There was an amusing World Cup story the other day- one of those situations where the lofty ideals of the game itself meet the cold hard realities of commerce. The result, as expected, is unlikely to be a triumph of the human spirit.
A group of Dutch women entered the stadium wearing an outfit identified with Bavaria Beer. The problem is that Bavaria was not an official partner of the World Cup and was not entitled to advertise its’ products even in such an unconventional way.
The women were unceremoniously ejected, the people who dreamed up the stunt were arrested and everyone involved was charged with the somewhat amusing infringement of ‘Ambush marketing.’ It appears South Africa- not just FIFA- takes this very seriously indeed.

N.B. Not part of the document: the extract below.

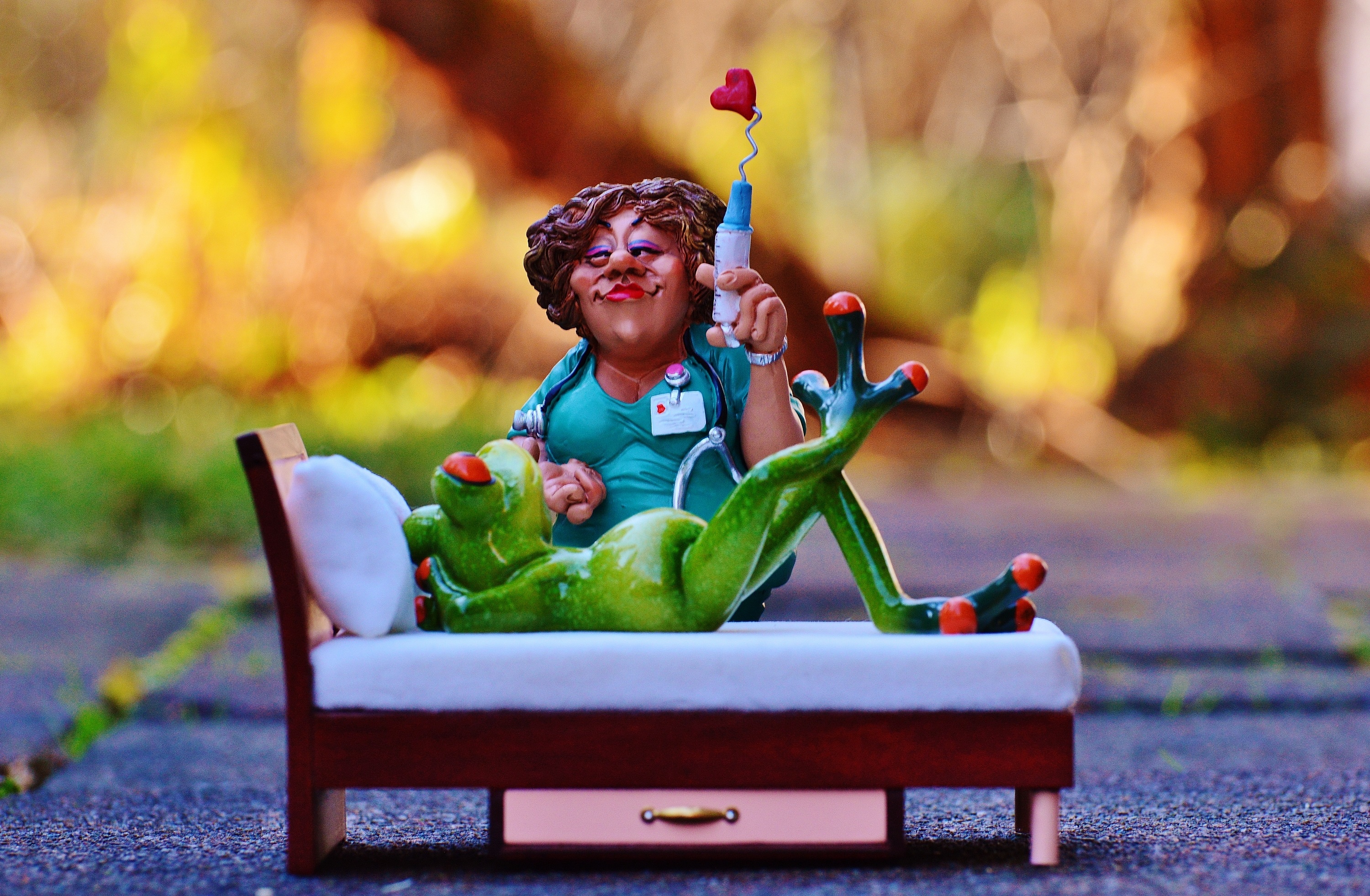 figurines, nature, sweet, nurse, innocence, childhood, sitting, focus on foreground, full length, boys, young, woman, decoration, cute, beside, human representation, HD Wallpaper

Of course from a legal point of view FIFA had a point- they have organized this tournament and plenty of companies have contributed quite a lot of money to ensure the world cup goes smoothly.
They have the right to decide what brands can be shown in the stadium to ensure that companies don’t piggyback off them to get all the benefits of advertising without paying any of the costs.
One can see how a non-contributing company would be taking unfair advantage of the tournaments’ high-profile by advertising itself in this way. That said, FIFA and South Africa’s subsequent overreaction was a PR nightmare. And I have serious doubts as to how ‘Ambush marketing’ can be considered a crime.
But it was an interesting reminder of how powerful the image of a brand is. Advertisers take for granted the idea that advertising is an extremely powerful tool, not merely to build awareness but to change consumer habits.
The irony of FIFA’s high-handedness (and the stream of increasingly pompous press releases) was that they inevitably gave Bavaria more advertising coverage than they could possibly have dreamed. In a twisted way, the brand became an unofficial World Cup partner, at least for a few days.
But FIFA was unknowingly providing a commentary on our brand-driven world today. They were not merely applying the letter of the law with regard to their agreement with the South African authorities and their sponsors, but were also making an indirect commentary on the power of the brand.
It was more than just a principle and legal and contractual issues at stake- FIFA were acutely aware that advertising is basically a hotline to the psyche. One could even argue that ‘ambush advertising’ is pretty much what all advertising is.
Unless you are going to a company website, you are unlikely to be voluntarily being exposed to advertising. If companies didn’t ‘ambush’ you on the road, on TV, in newspapers and everywhere else, they would struggle to get their message across.
Many consumers like to think we are immune to the constant barrage of advertising. The common conception is that ‘Yes advertising works on many people, but it doesn’t affect me.
‘Yet we overestimate our own rationality here. Advertising and brand awareness is so tied up in how we lived our lives that it would be naïve to assume we somehow live above it all. We are all susceptible to being nudged, tempted and encouraged to expand our consumer horizons.
We react consciously and subconsciously to the barrage of images and sounds that provide a kind of tapestry to everyday life.
It is a reminder of how far we have come and how much we have progressed, but it is also a reminder that we don’t have quite as much individual autonomy as we might think.
So when I saw the Dutch story, I could not help thinking it was a good commentary of the branded world and the all-powerful megaphone of advertising. In its’ own way, FIFA was reminding us that it’s’ a world of brands- we are just living in it.